95% CI: if we repeated this experiment 100 times, ~95 intervals would contain the true parameter.

Width

Narrower CI = more precise. Wider with smaller n, larger σ, higher confidence level.

05 Regression Analysis ▼

STATSRegression analysis

# Simple linear regression: y = β₀ + β₁x + ε
# β₁ = Σ(xᵢ-x̄)(yᵢ-ȳ) / Σ(xᵢ-x̄)²
# β₀ = ȳ - β₁x̄

# Multiple regression: y = β₀ + β₁x₁ + β₂x₂ + ... + ε

from sklearn.linear_model import LinearRegression
from sklearn.metrics import r2_score, mean_squared_error
import numpy as np

model = LinearRegression()
model.fit(X_train, y_train)
y_pred = model.predict(X_test)

# Evaluation metrics
r2   = r2_score(y_test, y_pred)           # 0-1, higher better
mse  = mean_squared_error(y_test, y_pred)
rmse = np.sqrt(mse)                        # same units as y
mae  = np.mean(np.abs(y_test - y_pred))

print(f'R²: {r2:.3f}')
print(f'RMSE: {rmse:.3f}')
print(f'Coefficients: {model.coef_}')
print(f'Intercept: {model.intercept_}')

# Logistic regression (binary classification)
from sklearn.linear_model import LogisticRegression
log_model = LogisticRegression()
log_model.fit(X_train, y_train)
probs = log_model.predict_proba(X_test)[:, 1]  # prob of class 1

R²

1 - SS_res/SS_tot. Proportion of variance explained by model

1=perfect, 0=no better than mean

Adjusted R²

Penalises adding irrelevant predictors

Use for multiple regression

F-statistic

Tests if model as a whole is significant

p-value < 0.05 = significant

06 Correlation ▼

Pearson r

Measures LINEAR relationship. -1 to +1. Sensitive to outliers. r = Σ(x-x̄)(y-ȳ)/(n-1)sₓsᵧ

Spearman ρ

Rank correlation. Non-parametric. Handles non-linear monotonic relationships.

Causation ≠ Correlation

r=0.9 does NOT mean X causes Y. Confounders, reverse causation.

|r| interpretation

0.0-0.3: weak, 0.3-0.5: moderate, 0.5-0.7: strong, 0.7-1.0: very strong

Multicollinearity

High correlation between predictors.
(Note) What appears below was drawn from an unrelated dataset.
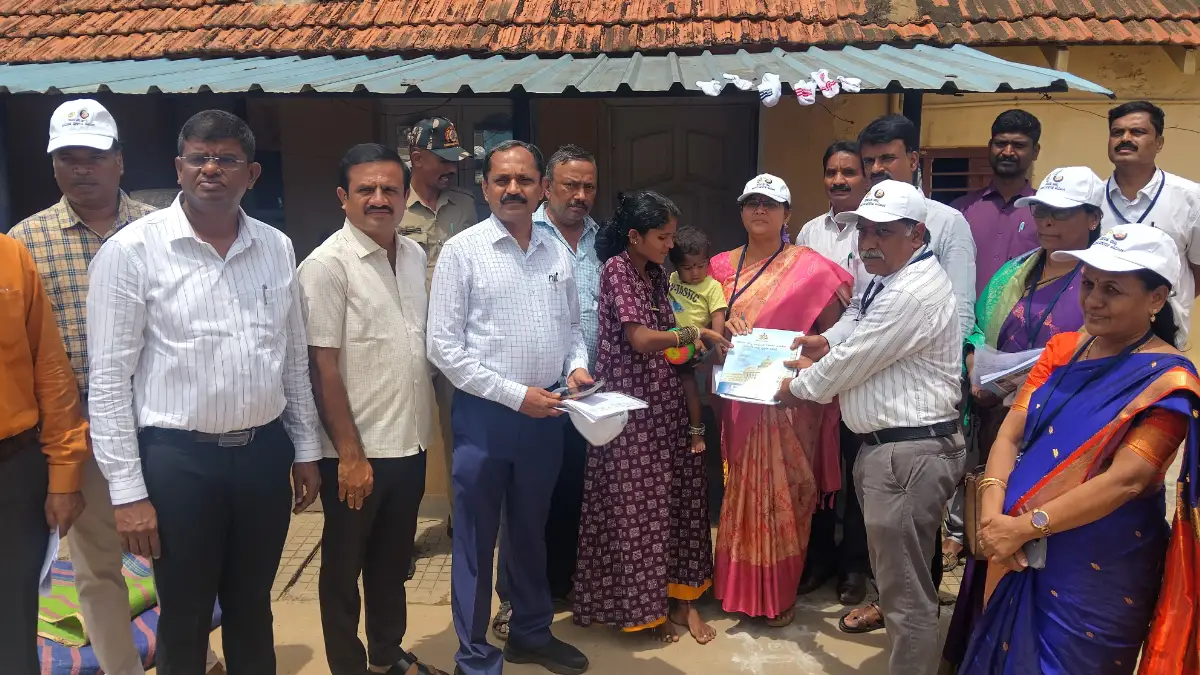 ಸಾಮಾಜಿಕ ಶೈಕ್ಷಣಿಕ ಸಮೀಕ್ಷೆಗೆ ಚಾಲನೆ:  ಮಹತ್ವದ ಮಾಹಿತಿ ನೀಡಿದ ಜಿಲ್ಲಾಧಿಕಾರಿ ಎ.ಬಿ ಬಸವರಾಜು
Inflates coefficient standard errors. Check VIF.

Autocorrelation

Correlation of variable with itself at different time lags. Check Durbin-Watson.

07 Bayesian Statistics ▼

STATSBayesian statistics basics

# Bayes' Theorem:
# P(A|B) = P(B|A) × P(A) / P(B)
#
# In modelling:
# Posterior = Likelihood × Prior / Evidence
# P(θ|data) ∝ P(data|θ) × P(θ)
#
# θ = parameter(s)
# Prior P(θ): belief about parameters BEFORE seeing data
# Likelihood P(data|θ): how likely data given parameters
# Posterior P(θ|data): updated belief AFTER seeing data

# Example: Coin flip
# Prior: P(θ=fair) = 0.5 (assume fair to start)
# Observe: 8 heads out of 10 flips
# Update: posterior shifts toward θ > 0.5

# Key differences from Frequentist:
# Bayesian: parameters have distributions, not fixed values
# Frequentist: parameters fixed, data is random

# Credible interval vs Confidence interval:
# Credible: P(θ in [a,b] | data) = 95%  ← direct probability!
# Confidence: If repeated, 95% of intervals contain true θ

💡

Bayesian approach: start with prior belief, update with evidence to get posterior. More intuitive interpretation than p-values.

08 Statistical Tests ▼

t-test (1-sample)

Test if sample mean = hypothesized value. H₀: μ = μ₀.

t-test (2-sample)

Compare means of two independent groups. H₀: μ₁ = μ₂.

Paired t-test

Compare before/after same subjects. H₀: μ_diff = 0.

ANOVA

Compare means of 3+ groups. H₀: all means equal. F-statistic.

Chi-square (independence)

Test if two categorical variables are independent.

Mann-Whitney U

Non-parametric alternative to 2-sample t-test.

Kruskal-Wallis

Non-parametric alternative to ANOVA.

Shapiro-Wilk

Test for normality. p > 0.05: normal distribution assumed.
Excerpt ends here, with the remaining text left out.